*** Opening DATASET ***

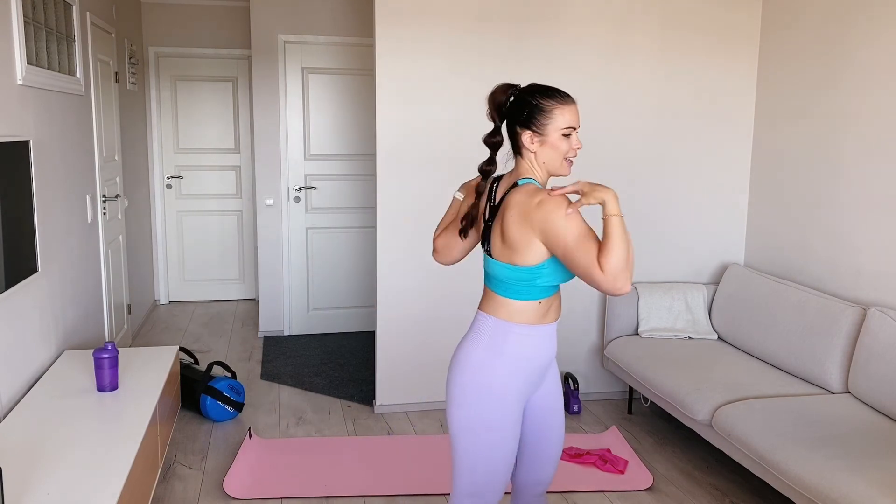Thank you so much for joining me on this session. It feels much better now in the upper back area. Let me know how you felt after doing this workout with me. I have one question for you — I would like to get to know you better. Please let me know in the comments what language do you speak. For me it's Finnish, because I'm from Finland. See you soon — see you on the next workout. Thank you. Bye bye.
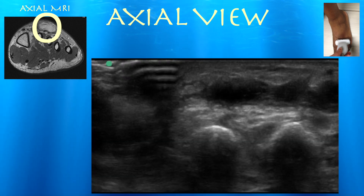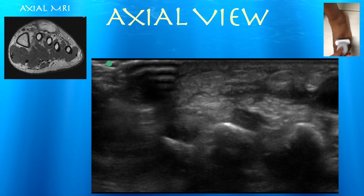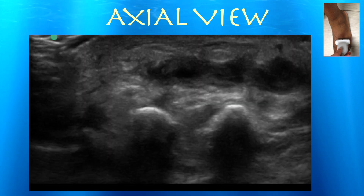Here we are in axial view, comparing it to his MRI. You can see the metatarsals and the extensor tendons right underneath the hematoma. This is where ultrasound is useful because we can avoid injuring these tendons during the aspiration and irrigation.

*** Closing DATASET ***
*** Opening DATASET ***

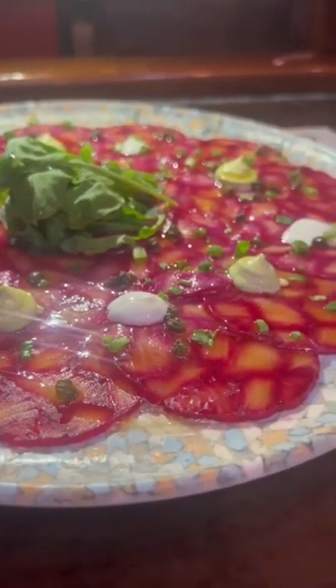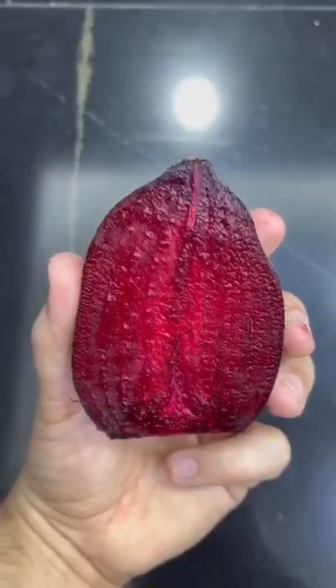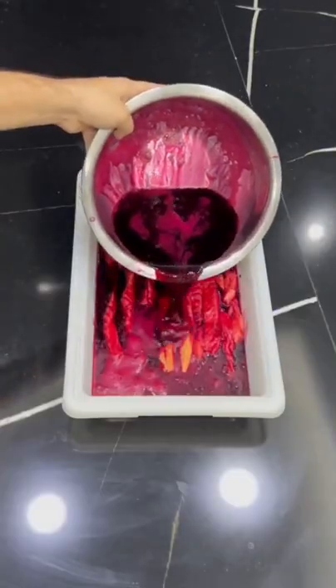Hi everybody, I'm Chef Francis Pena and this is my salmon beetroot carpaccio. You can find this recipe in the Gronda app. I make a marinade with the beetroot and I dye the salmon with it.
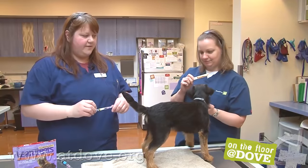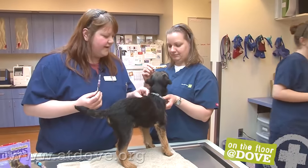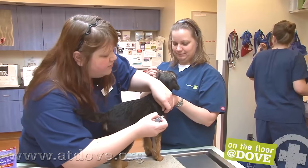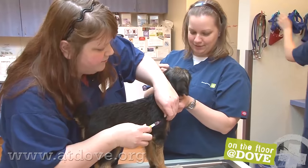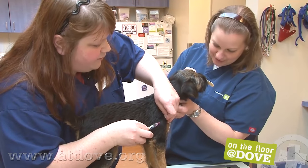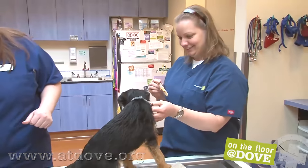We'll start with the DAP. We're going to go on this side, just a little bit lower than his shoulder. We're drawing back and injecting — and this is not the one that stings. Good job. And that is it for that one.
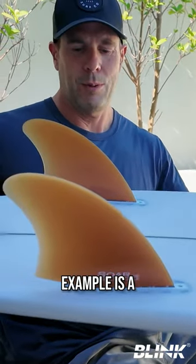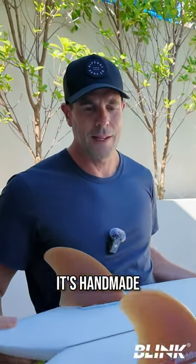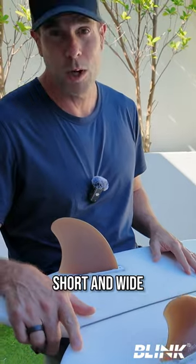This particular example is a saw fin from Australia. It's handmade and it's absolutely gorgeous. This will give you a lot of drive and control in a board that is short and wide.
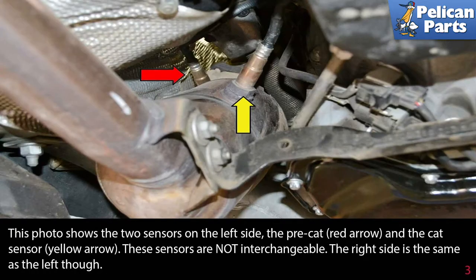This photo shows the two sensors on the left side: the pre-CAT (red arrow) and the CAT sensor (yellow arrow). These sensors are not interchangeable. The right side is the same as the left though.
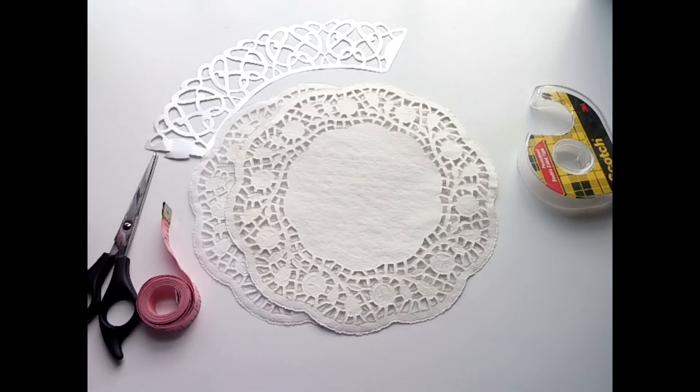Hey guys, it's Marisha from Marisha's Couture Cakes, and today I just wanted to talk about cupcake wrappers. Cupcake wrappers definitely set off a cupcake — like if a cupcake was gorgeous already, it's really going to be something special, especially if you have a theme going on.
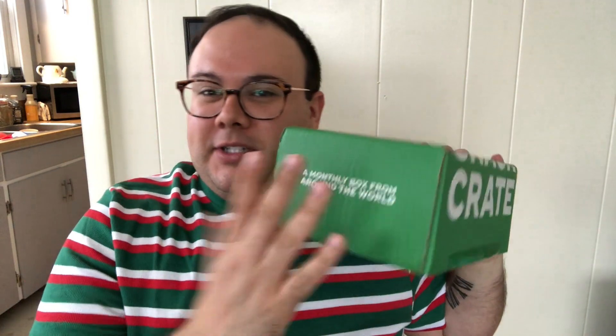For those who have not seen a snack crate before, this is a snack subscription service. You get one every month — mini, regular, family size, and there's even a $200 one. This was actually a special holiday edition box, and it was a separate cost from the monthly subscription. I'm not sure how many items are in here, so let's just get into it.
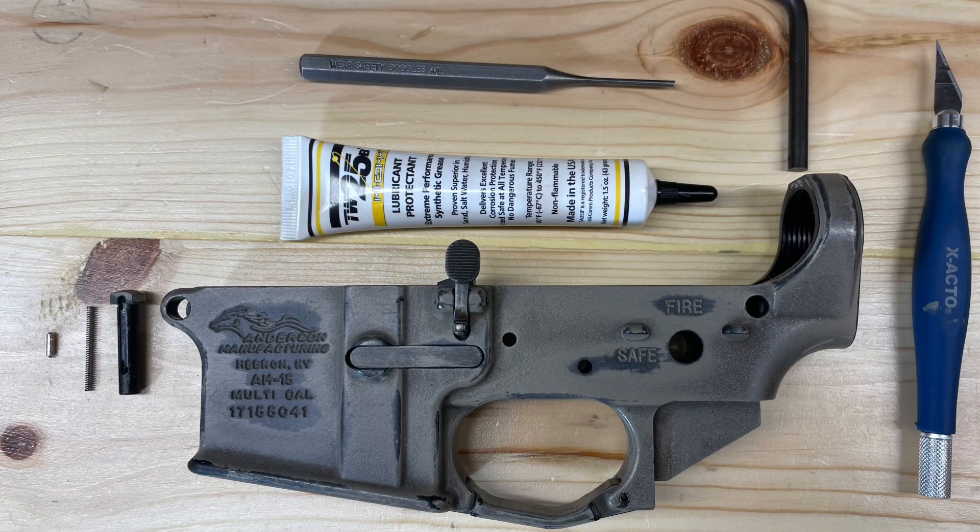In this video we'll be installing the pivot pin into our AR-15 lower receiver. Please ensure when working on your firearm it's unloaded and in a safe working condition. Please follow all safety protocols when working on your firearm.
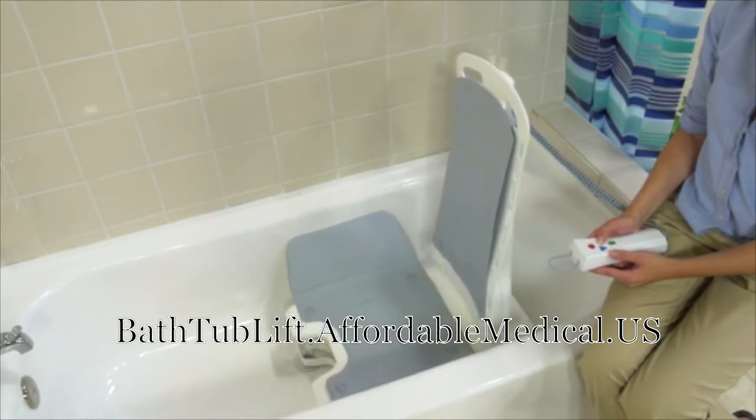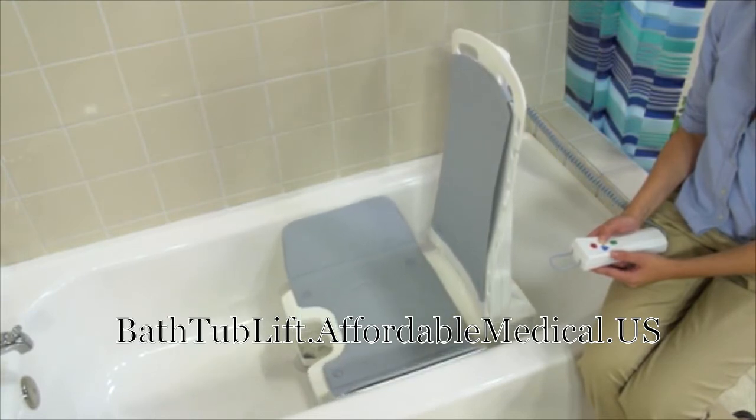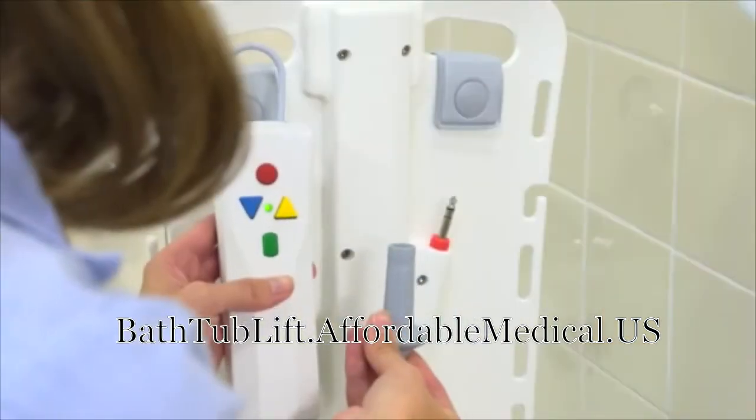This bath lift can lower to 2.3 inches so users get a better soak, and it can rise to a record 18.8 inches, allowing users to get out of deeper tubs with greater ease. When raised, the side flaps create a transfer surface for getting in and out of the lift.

*** Closing DATASET ***
*** Opening DATASET ***

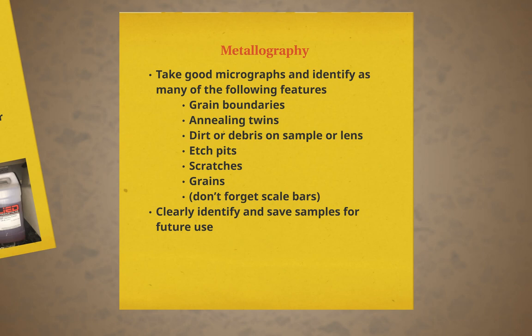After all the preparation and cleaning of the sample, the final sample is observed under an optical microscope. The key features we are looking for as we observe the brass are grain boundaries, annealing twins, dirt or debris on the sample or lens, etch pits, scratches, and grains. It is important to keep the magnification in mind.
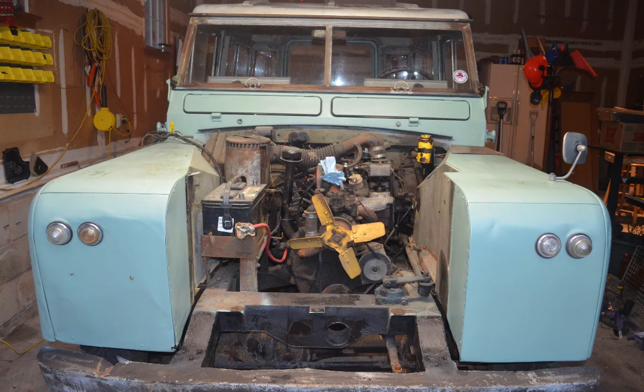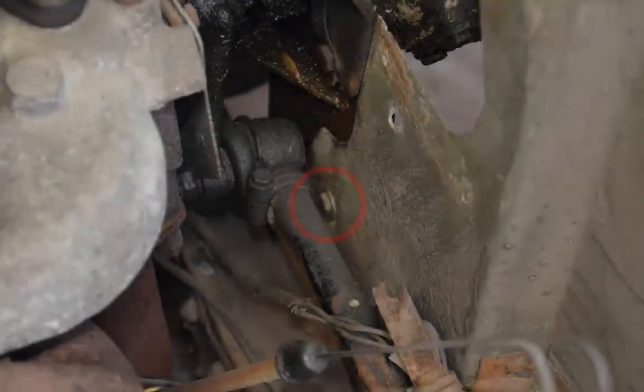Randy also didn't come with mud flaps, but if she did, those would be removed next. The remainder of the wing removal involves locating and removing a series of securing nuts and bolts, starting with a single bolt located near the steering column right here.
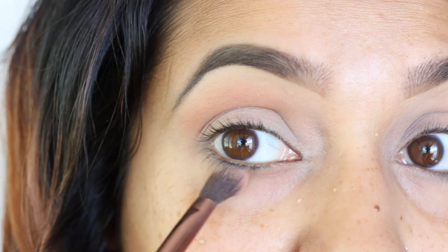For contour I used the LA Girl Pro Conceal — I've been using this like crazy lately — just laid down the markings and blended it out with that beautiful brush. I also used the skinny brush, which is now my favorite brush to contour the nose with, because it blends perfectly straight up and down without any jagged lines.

*** Closing DATASET ***

Copy exactly the part of the material above that opens with the line containing "Thank you so" and closes with the line containing "Here we are", ends included. Drop the images.

Thank you so much for joining me on this session. It feels much better now in the upper back area. Let me know how you felt after doing this workout with me. I have one question for you — I would like to get to know you better. Please let me know in the comments what language do you speak. For me it's Finnish, because I'm from Finland. See you soon — see you on the next workout. Thank you. Bye bye.
Here we are in axial view, comparing it to his MRI. You can see the metatarsals and the extensor tendons right underneath the hematoma. This is where ultrasound is useful because we can avoid injuring these tendons during the aspiration and irrigation.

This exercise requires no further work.